資生堂は、05/3期の国内化粧品売上高4,737億円から11/3期では3,829億円と約900億円の減収となっている。そのため、今期は成長投資強化として200億円の費用増を計画。200億円の内訳は国内70億円、海外130億円程度を想定。海外重視の姿勢は変わらないが、国内化粧品の建て直しが急務である。同社の国内化粧品は市場の落ち込み以上に苦戦が継続しているからだ。この費用増のため、12/3期の営業利益計画は前期比10%減の400億円としている。

花王の化粧品ブランド「ソフィーナ」は、11/3期にブランドの絞込みをしたことにより、堅調に推移したもよう。しかし、プレステージ化粧品は、赤字幅縮小傾向ではあるものの、依然営業赤字である。

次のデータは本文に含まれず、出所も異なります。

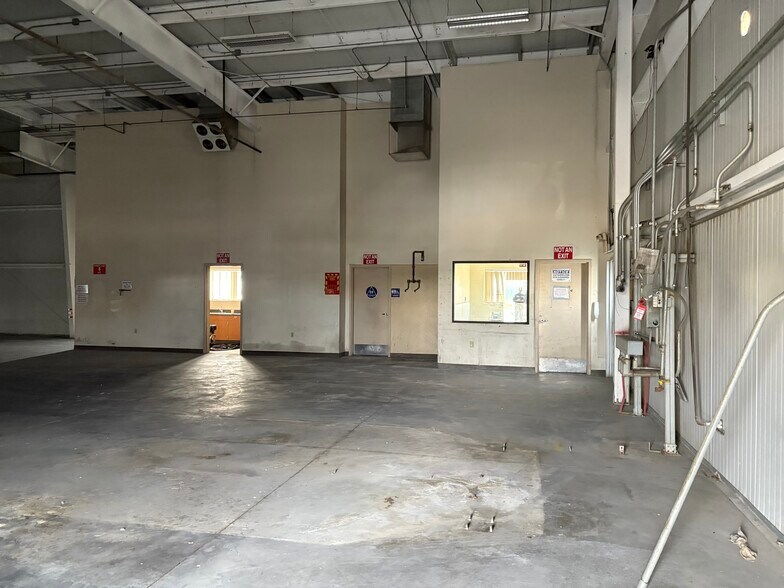 More Photos Of 34598 7th Standard Rd, Bakersfield Warehouse For Sale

カネボウ化粧品に関するM&Aに関するのれんおよび知的財産権償却費285億円を除くと営業利益▲6億円と収支均衡に近づいているものの、向こう1?2年程度はカネボウ化粧品の人員を配置展開や業務の幅を持たせることで収益改善を計画しているため、黒字体質の定着には時間がかかる見通しである。ただ、化粧品以外は堅調な業績を残せるため、12/3期の営業利益計画は前期比0.4%増の1,050億円としている。

コーセーは11/3期までの中期経営計画で専門店の先鋭化を実施した。この施策は計画比で約90%の進捗であったもよう。同社の強みのある高価格帯(5,000円以上)のうち、「アルビオン」などのブランドは前期比プラスに転じるなど相対的に堅調に推移している。しかし、海外展開は競合他社に比べ出遅れ感があり、今期は海外拡大に向けた準備の年と位置づけ費用増を計画している。そのため、12/3期の営業利益計画は前期比28%減の100億円としている。

ファンケルは、「ファンケル」ブランドの再構築を目指すための準備の年である。中国・香港では高品質とのブランドイメージを確立しているが、国内では「肌の弱い人向け」のイメージが定着しており、国内販売は伸び悩んでいる。そのため「無添加」を世界共通の価値観としてブランド価値を向上すべく、リブランディング費用として18億円を計画。そのことを主因に12/3期の営業利益計画は前期比16%減の60億円としている。


資生堂、コーセー、ファンケルの12/3期は減益計画。販管費コントロールによっては黒字化も可能と考えているが、今後の事業拡大のために投入確度が高いだろう。今期は化粧品各社の事業改革がどの程度進捗するかが注目点となるだろう。